You see, withstanding the heat means treading on toes. It means staring into the sun without a hope of the moon rising over the hill. It means not having a hope of relief. It means no rest for the wicked, and no peace for the desolate. It means sitting on floors beaten to within an inch of your life and being the silly, goofy, fun adoring mother that the babies need despite seeing double and wondering if you were going to disintegrate into ashes and memories.
The world is burning. I always used to say that the best people were a little bit crazy, but to be frank being crazy is not attractive on everybody. On the mundane and unimaginative it is a torture for them, and disconcerting for the rest of us. Most of the world appears to have lost it’s collective tiny mind and it is not pretty. No one can see each others faces, we are all missing cues from facial expressions. People are getting on superiority kicks.
People are feeling their mortality. People are isolated and desperate and poor. A zucchini costs a dollar seventy nine. Six buck cauliflowers. Five dollar spaghetti squash. Eating is a terrifying business. I have cut down to two meals a day and might have to cut down further. A box of allergen free cereal is now out of reach. Russia is threatening to start world war three. You know when military equipment starts to be moved in Poland that nothing good is going to happen. All we need is an archduke and a great orator and we are in the shit. Again. I hear Roger Waters’ voice singing “was it for this that daddy died?”….seems so…and we look like we are all so fucking hot, bothered, desperate, manipulated, fired up and crazy that we are going to go for some Ivan meets GI joe action, and I don’t like that idea. You just know that there are some old white men who can’t wait to see what it feels like to push a big red button and fry an entire city. Again. Assholes.

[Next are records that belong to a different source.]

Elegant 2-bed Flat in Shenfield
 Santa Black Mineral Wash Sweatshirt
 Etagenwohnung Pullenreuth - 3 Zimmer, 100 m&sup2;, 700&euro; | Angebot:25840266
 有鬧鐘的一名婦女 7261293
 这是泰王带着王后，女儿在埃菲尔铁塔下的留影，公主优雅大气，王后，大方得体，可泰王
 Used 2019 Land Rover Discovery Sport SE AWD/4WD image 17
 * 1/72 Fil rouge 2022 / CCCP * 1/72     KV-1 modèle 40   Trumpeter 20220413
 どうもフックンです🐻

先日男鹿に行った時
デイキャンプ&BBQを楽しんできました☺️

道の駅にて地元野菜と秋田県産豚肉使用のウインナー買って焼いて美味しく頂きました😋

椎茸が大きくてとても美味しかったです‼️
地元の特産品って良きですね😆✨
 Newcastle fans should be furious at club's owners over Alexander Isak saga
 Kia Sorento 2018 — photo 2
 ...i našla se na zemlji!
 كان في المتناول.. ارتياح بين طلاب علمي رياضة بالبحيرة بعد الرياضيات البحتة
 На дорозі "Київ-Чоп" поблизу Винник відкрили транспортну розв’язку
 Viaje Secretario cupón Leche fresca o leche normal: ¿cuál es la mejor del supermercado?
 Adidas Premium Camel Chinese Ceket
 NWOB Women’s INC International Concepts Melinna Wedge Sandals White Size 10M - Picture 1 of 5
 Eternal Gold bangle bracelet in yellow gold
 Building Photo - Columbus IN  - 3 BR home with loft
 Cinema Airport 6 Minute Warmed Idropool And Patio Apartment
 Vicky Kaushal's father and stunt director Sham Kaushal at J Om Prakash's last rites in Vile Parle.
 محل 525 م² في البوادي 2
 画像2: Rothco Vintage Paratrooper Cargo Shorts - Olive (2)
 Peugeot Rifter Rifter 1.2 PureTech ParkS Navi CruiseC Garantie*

Outside the window is no cooler than inside. The trees have started to move with a light breeze. Looks like fire weather. Time to batten down the hatches and brace for impact. Aren’t we all ready to do this differently? Try a different way? Because what we have been doing feels like being in a semi consensual prison run by people addicted to luxury while the rest of us scrabble in desert cities for the last zucchini known to man.
I am going to sit by an open window and pray for rain. Might as well. I have nothing else to do except swelter in fucking February.